Tres crímenes rituales, de Marcel Jouhandeau
La Historia ha recubierto la tierra con numerosos crímenes que, aún a día de hoy, siguen sorprendiendo al más respetable de los mortales – si es que alguno queda – y acaparando ríos de tinta que suponen una especie de luz a la que no podemos dejar de mirar por mucho que sepamos – porque lo sabemos – que nos provocará daños a la vista. Hay, por tanto, una especie de obsesión por el mundo criminal que convierte a quien lo lee, como si por el efecto de un espejo se tratase, en ciudadanos respetables que jamás cometerían el crimen sobre el que están leyendo. Tres crímenes rituales son tres relatos de lo que, en las épocas en las que se cometieron, supusieron tres crímenes para la mente y la vida de un autor que, ya desde su fantástico prólogo, nos advierten que fue un escritor que se sentía maravillado por diferentes temas y de índole bien diferente. Y como si fuera una de esas estaciones en las que el silencio va haciendo mella y no hay refugios a nuestro alrededor, nos veremos en un momento poniéndonos en la piel de las víctimas, pero también de los verdugos, e incluso de los cómplices que, bien por su silencio bien por su voz sibilina que se introducía en las mentes de los que después cometieron el crimen, difuminando a la perfección esa línea roja que separa la inocencia de la culpabilidad, la naturaleza bondadosa de la que hacen gala los humanistas con el verdadero instinto que surge cuando, en un momento determinado, quitar una vida es el único objetivo que nuestra mente puede crear.

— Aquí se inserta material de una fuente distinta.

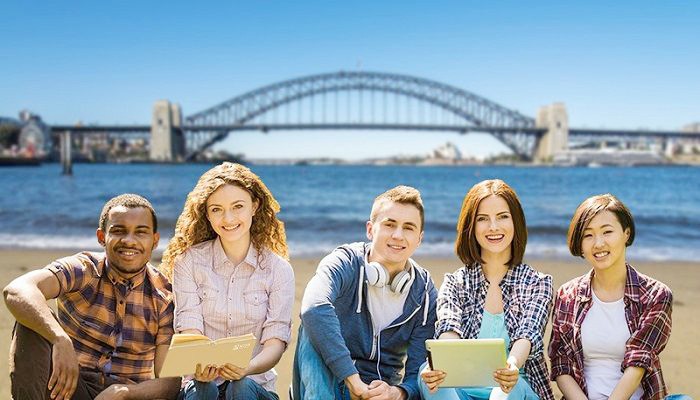 Australia thắt chặt thị thực đối với sinh viên nước ngoài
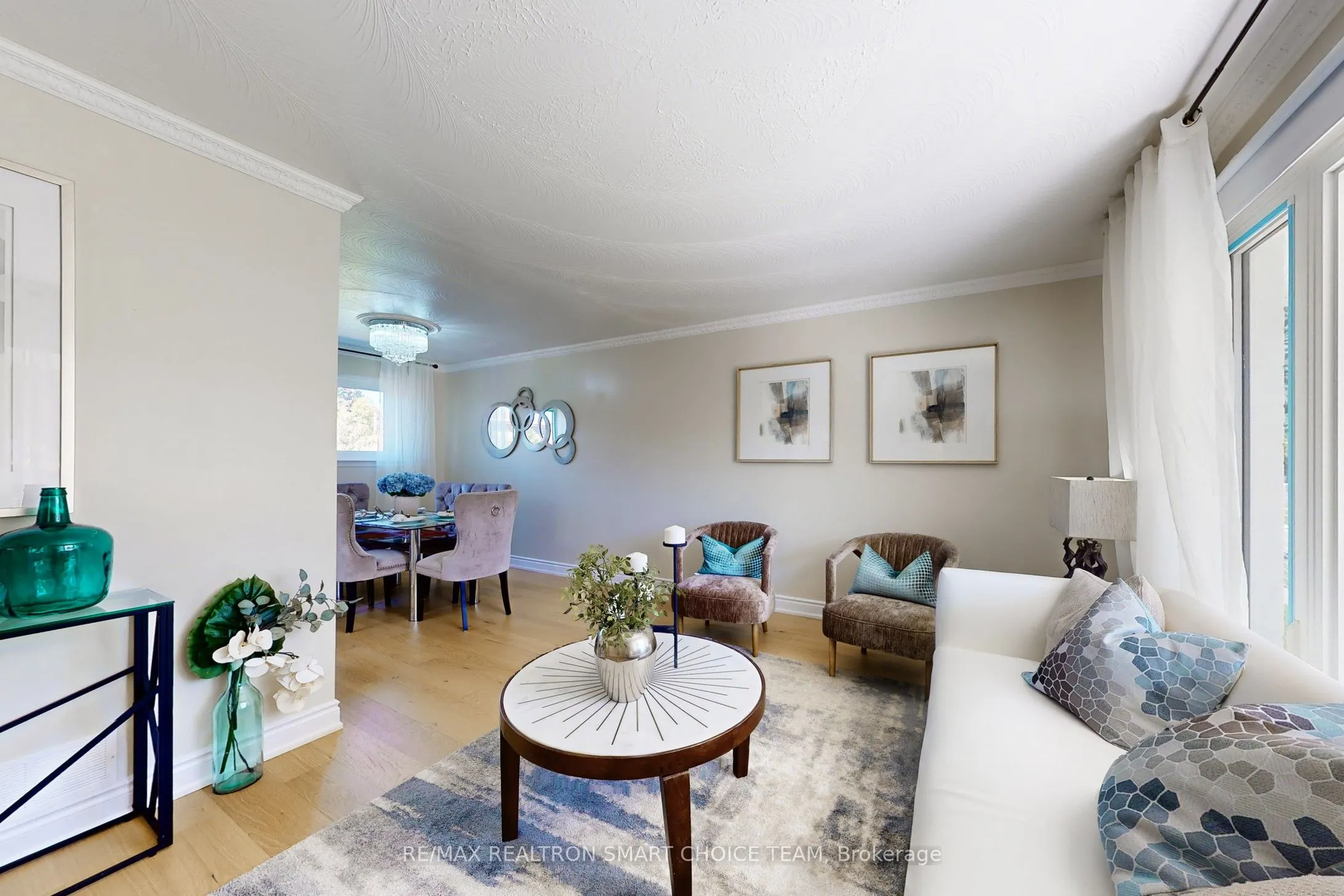 16 Frith Road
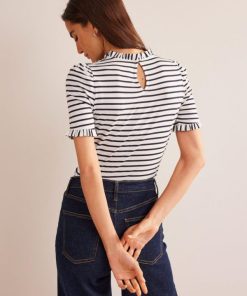 Paceandprose.shop88cb8009d9 3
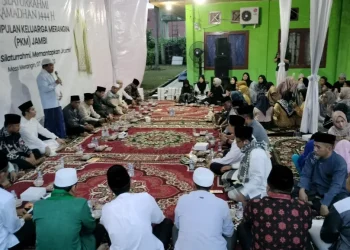 PKM Jambi gelar buka bersama di Mess Merangin, Jumat (7/4). Foto: Alan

Tres crímenes que, seguidos desde el público, se convierten aquí en relatos donde una fotografía fija de la realidad nos devuelve a la realidad más absoluta, aquella en la que hombres y mujeres cruzan la línea y hunden el cuchillo en la carne.
Solemos juzgar a un libro por su extensión. Lo hacemos porque parece que – y eso me ha sucedido mucho en la librería – si el libro no es lo suficientemente extenso, es como si no fuera a tener la calidad necesaria para que nos produzca el vértigo que, en ocasiones, buscamos en la literatura. Si esto fuera así, si esa fuera la verdad absoluta que se esconde detrás de la edición, uno se perdería Tres crímenes rituales y lo lamentaría, como esas oportunidades que se pierden y no vuelven, como los trenes que cierran sus puertas y no vuelven por mucho que los esperemos. Marcel Jouhandeau traza aquí la visión del juicio de tres crímenes que supusieron un verdadero escándalo en la época en la que fueron cometidos – de obligada lectura el prólogo de Eduardo Berti como momento impagable para descubrir mucho más no sólo sobre lo que lleva detrás este libro sino de la vida del autor – y nos permite adentrarnos de lleno en esa especie de maldad pero de admiración a la vez, que convierten a la pareja formada por víctima y asesino en una especie de relación que permanece en el tiempo, ligada a la sangre y al arma con el que fue realizado un crimen que, sacudiendo a la población, también la convierte en pequeñas ovejas mansas por las decisiones de la justicia.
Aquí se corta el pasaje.